My not-so-comfortable bed: No, my bed is not uncomfortable. I would be doing a massive injustice to my lovely bed if I were to label it that. Obviously, while in Morocco, I slept on beds of superior comfortability than my own. I mean, not throughout the 13 days, but some. Comfort aside, I realized that I get better sleep on my 3/4 bed with a lean mattress. Initially, I had troubles getting used to the discomfort caused by the leanness of my mattress and I had a series of temptations to purchase a bigger mattress. But, over the time, I have inured myself to its discomfort and I don’t feel like changing anytime soon. Here is a secret: A more comfortable bed makes me lazy and oversleep, which would be catastrophic on my service. Anyway, I sleep with a peace of mind on my bed – an aspect that I missed dearly when I was away.

The people: Particularly, people that are participating in my projects. Wait a minute, this reminds me that I have not blogged  about a principle project that I am implementing in Likoswe village. I guess I should make this the subject of my next blog entry. Be on the lookout. I must admit beforehand that certain participants of my project give me a minor headache once in a while, but I guess that is expected when dealing with people. What’s more important is that I probably look at this issue from a bit of a sententious standpoint. Who knows, maybe while they give me a minor headache, I give them a massive bout of diarrhea? You never know. What is important though is that despite this who headache and diarrhea issue, we still manage to kick it together. We’ve come from a far and we continue to march on as a cohesive unit towards achieving our goals. Tell you what, there was an aura of mutual ecstasy upon my return and now we are ready to embark on the next phase of this project.

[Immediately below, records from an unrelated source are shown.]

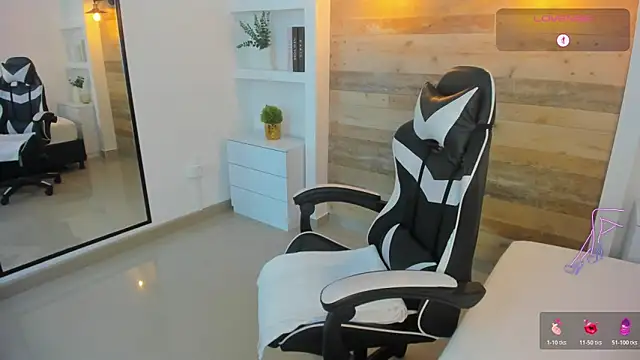 Snapshot of candy_summer28 chatting on March 2026 07:32:01 PM candy summer28 online show from March 2026 07:32:01 PM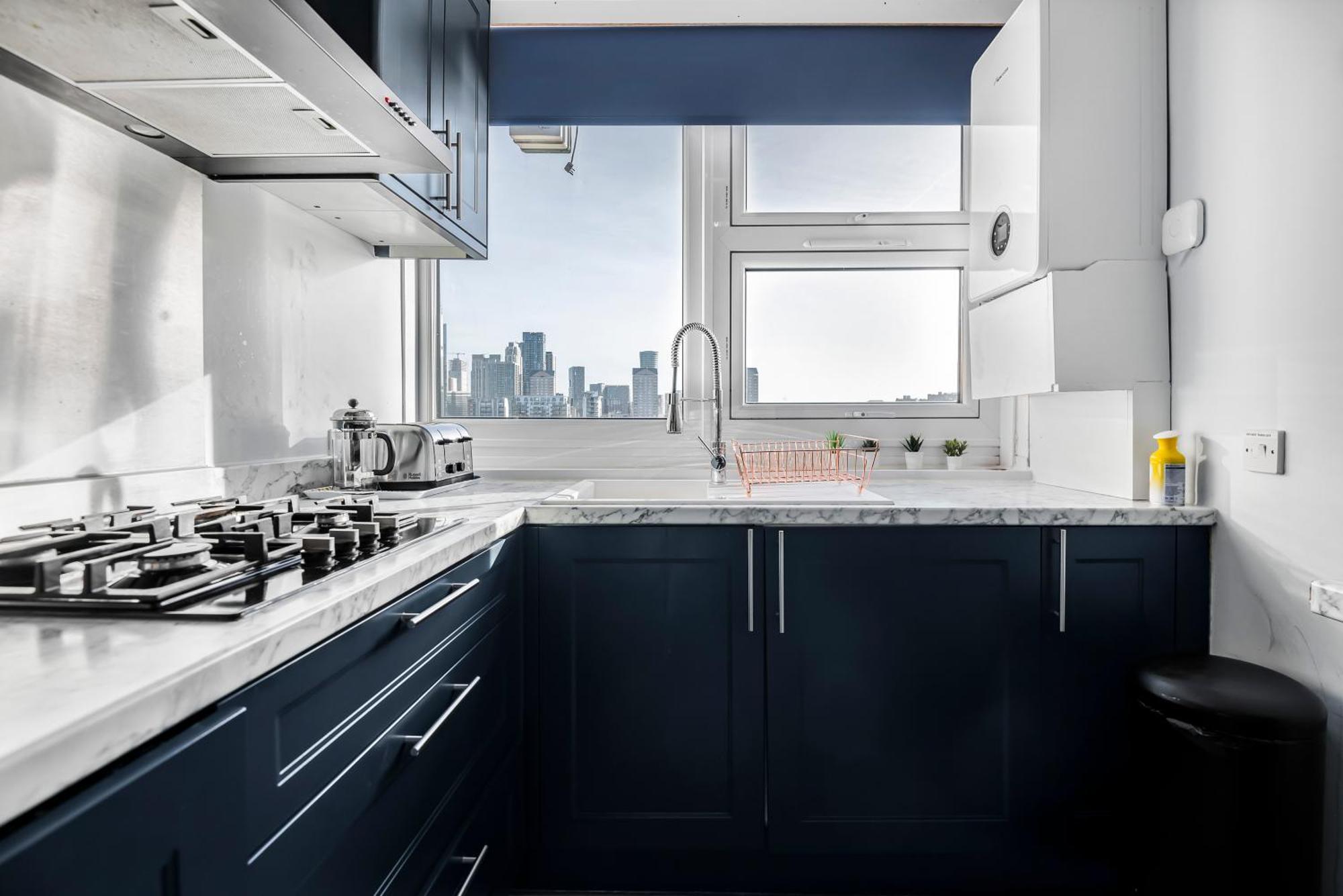 Stunning Massive Bedroom +Direct Thames River View 런던 외부 사진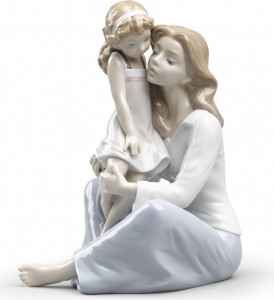 10669059 LLADRO Фигурка Lladro "Мамина дочка" 27x22см Фарфор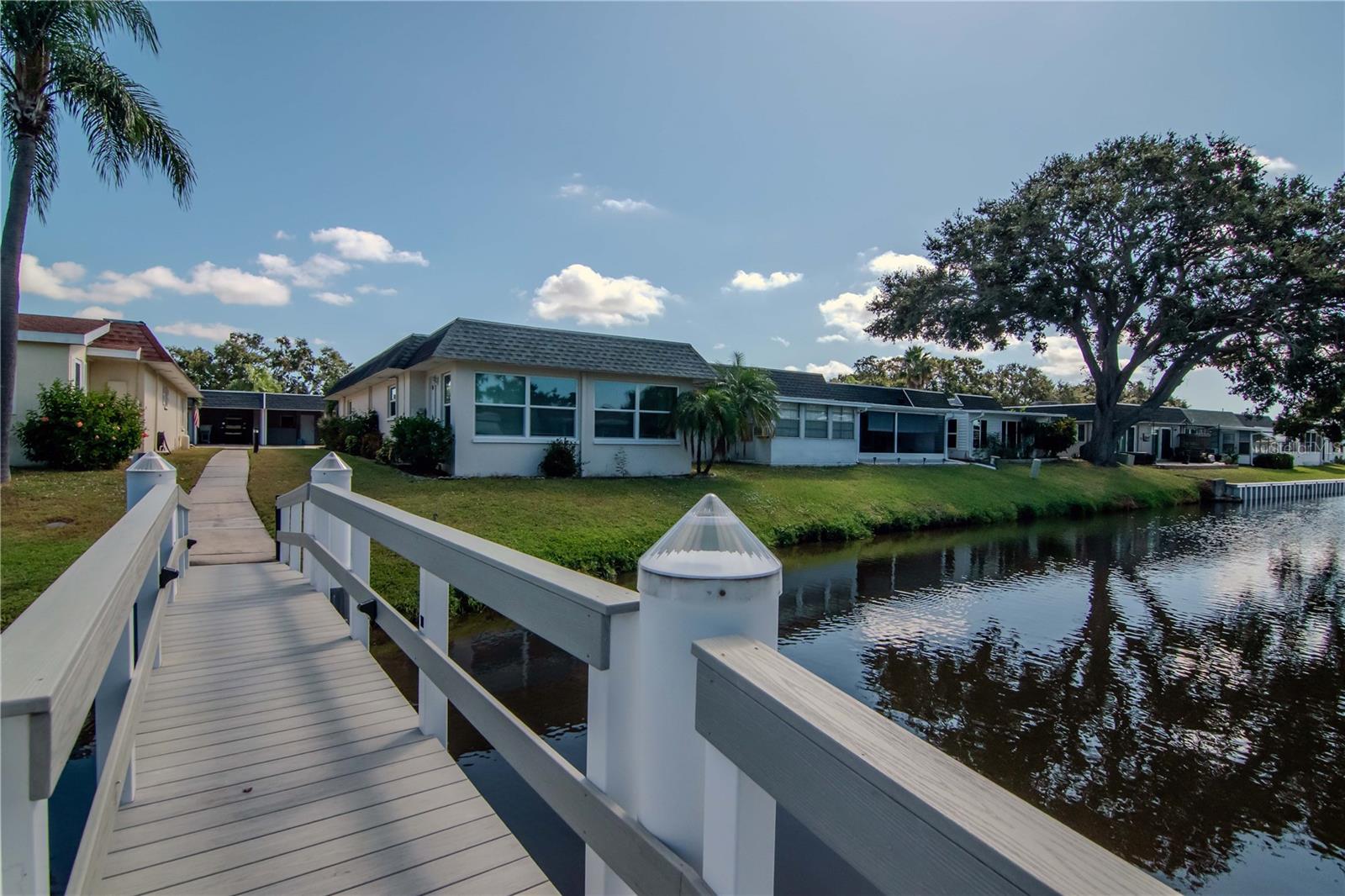 SKYE LOCH VILLAS UNREC - Residential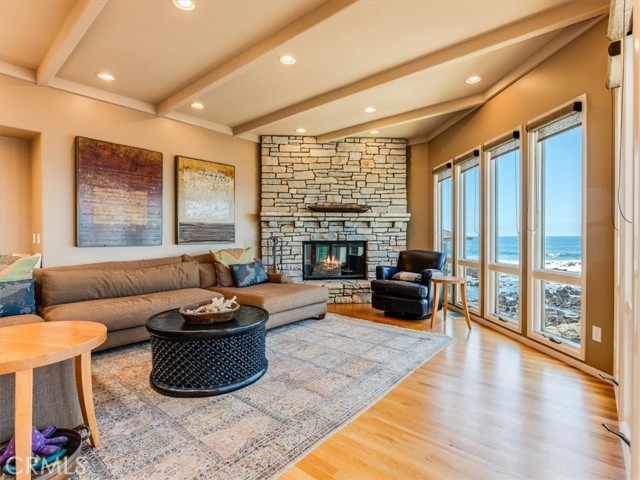 Detail Gallery Image 5 of 53 For 2585 Sherwood Drive, Cambria,  CA 93428 - 3 Beds | 3/1 Baths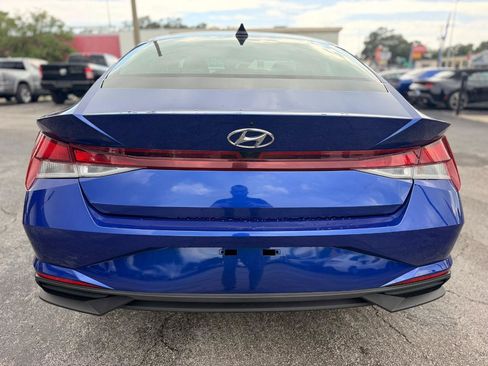 Used 2023 Hyundai Elantra SEL FWD image 7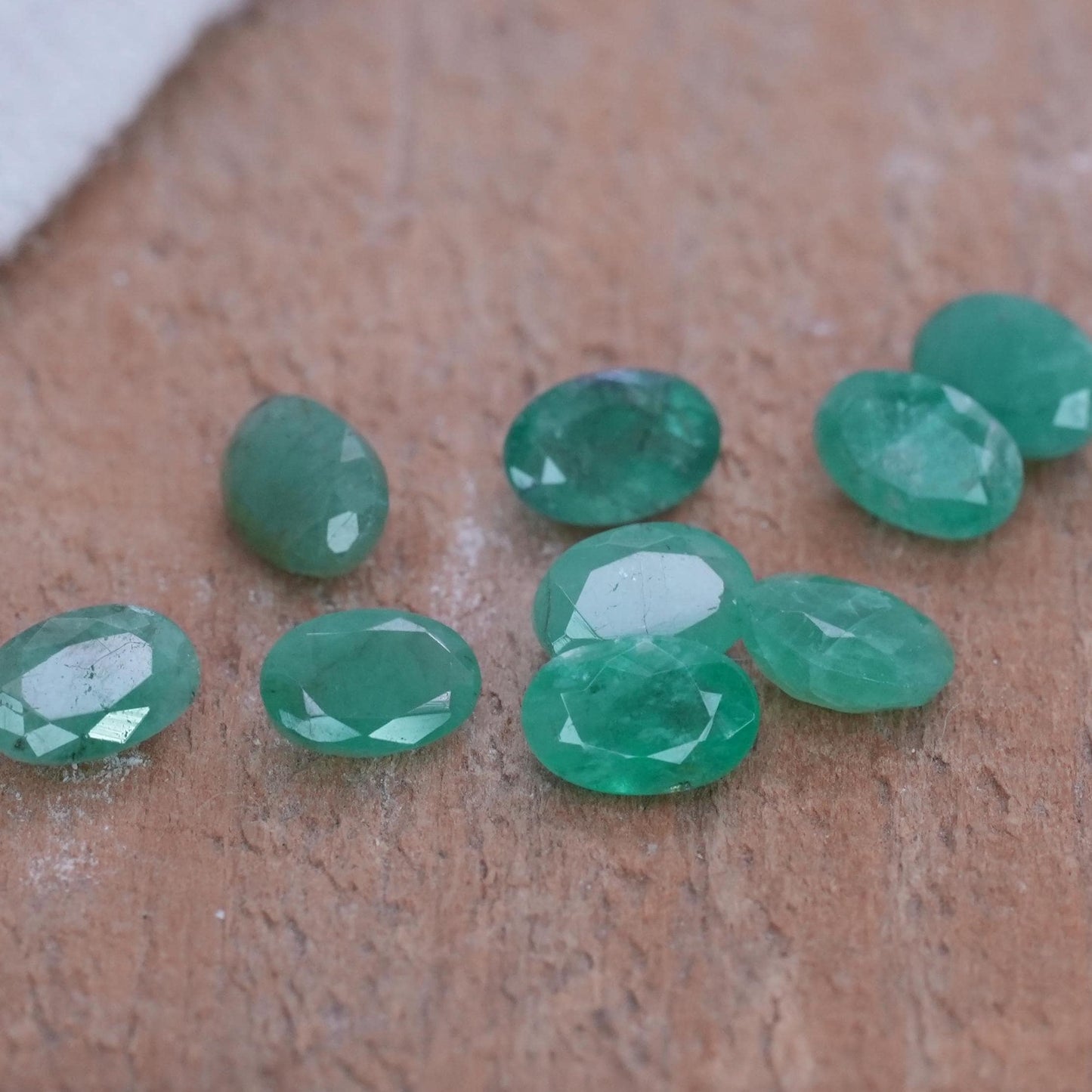ONE- 6x4mm Cloudy Emerald Oval Cut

Overall, the trip to Morocco has boosted my energy level, which is important as I prepare to complete the remaining 3 months of my service with unscathed determination and grit. I feel recharged. The break that I took from my community and the experiences that I encountered while away have reverberated my zest to finish my service on a high notch. But most importantly, as per the theme of this piece, this trip gave me an opportunity to reflect and appreciate certain things that I have been taking for granted. Never again, for now. Shukran! Merci beaucoup!